The following text is
copyright 2007 by Network World, permission is hearby given for reproduction,
as long as attribution is given and this notice is included.
Google: looking good by doing
less evil
By: Scott Bradner
Google made news in mid march by saying that they were going
to reduce the length of time that they keep of personally identifiable
information they are going to keep about their users from infinite to merely
obscene. There are some positives in this announcement but it mostly emphasises
how bad things are now, and will continue to be.
Google announced their new plans in a blog entry on March
14th. ("Taking steps to further improve our privacy practices"

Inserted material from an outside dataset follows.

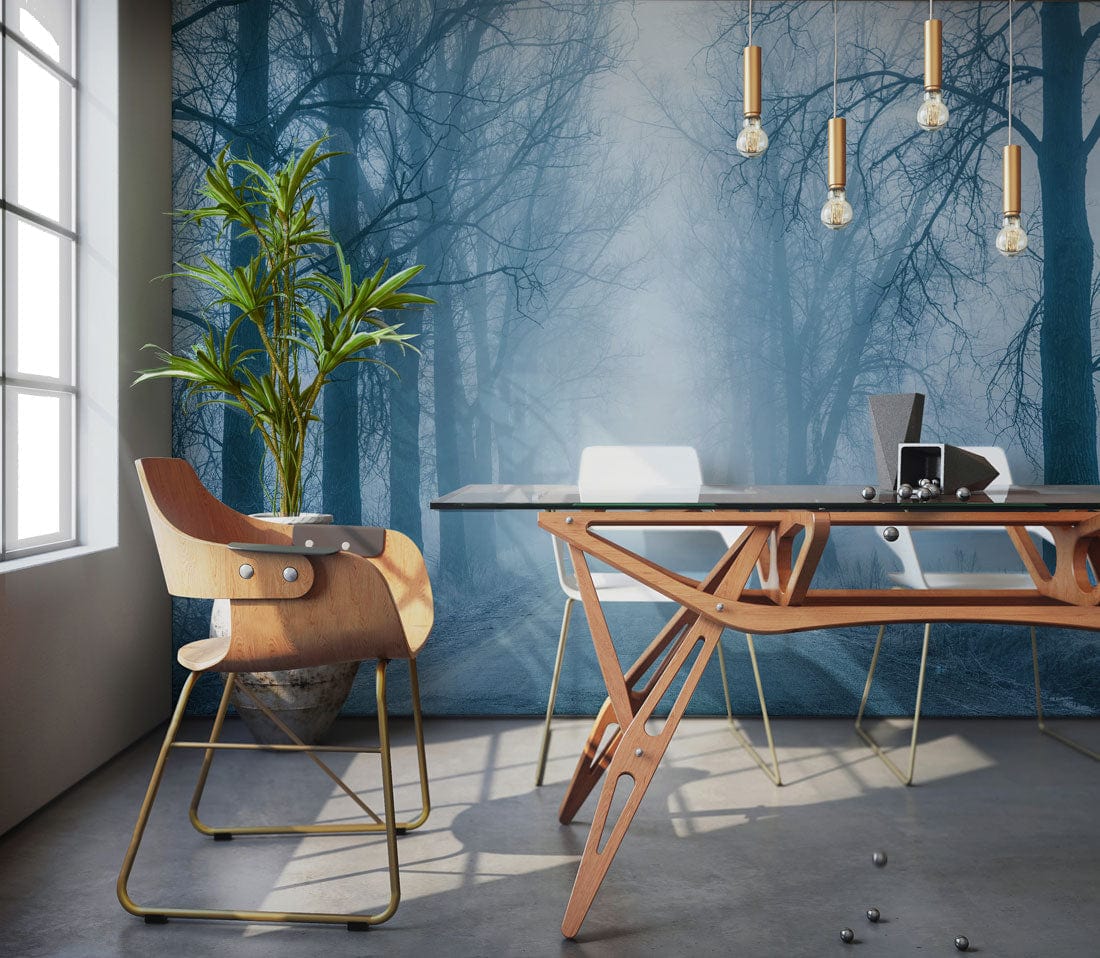 Ethereal Misty Forest Path Mural Wallpaper in office with modern chair, glass table, and pendant lights.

http://googleblog.blogspot.com/2007/03/taking-steps-to-further-improve-our.html.) Google had been under pressure for a
log time over their assumption that it was fine to keep a lifelong record of
every search query each of their users ever executed along with the IP address
the query was executed from and a cookie ID to link together queries from your
computer even if the IP address changes.
Google is not alone in this belief, to one degree or another
all of the search engine companies have said they save the same basic
information -- although AOL says they do not keep IP addresses. Google does not
exactly say why they think they need to keep a record of all of your queries --
their log retention FAQ (http://216.239.57.110/blog_resources/google_log_retention_policy_faq.pdf)
says vaguely "We use this
information to improve the quality of our services and for other business
purposes. For example, we use this information for fraud detection and
prevention purposes, to identify system problems and to combat denial of
service attacks." But it is
reasonable to assume that the main reason they keep the logs is that they are
trying to get in our heads to see how we think so they can feed us ads that we
will respond to. Google has done
quite well in convincing advertisers that they know how to do this and the logs
are the way they do it.
But even given this actual reason for the logs its hard to
see that they need years worth of logs in which individual searchers can be
easily identified -- under their new policy they will maintain logs forever but
will do some simple tweaks to the data after 18-24 months to make it a little
harder to identify the individual searcher. These tweaks are not likely to be all that effective in
actually hiding people's identities as AOL found out when they released a pile
of similar data. (See Thanks for
nothing AOL http://www.networkworld.com/columnists/2006/082806bradner.html) I would think that the most reliable
information Google needs to know about me in order to target ads comes from the
last few months - its not all that often that I'll still be interested in a
topic I was looking at 4 years ago.
Google says that the 18-24 month duration was chosen to be
compatible with possible future data retention laws in various parts of the
world. But the FAQ admits that the
laws generally not exist yet and when they do the retention period could be as
short as 6 months. Why not make
the Google retention period be based on the laws where the hardware is
located?
Maybe Google just wants an excuse for long retention because
it is afraid that it has not yet thought of all the ways it can exploit the
information it has about us.
Google has come very late to the realization that some
people are worried about the information Google stores about them. This is a good first step but it would
be far better for Google to actually anonymize their information in a few days
or weeks rather than years.
disclaimer: Harvard does not forget easily, at least its
former students since they are a revenue source, but has not expressed an
opinion on others remembering activities so the above is my own opinion.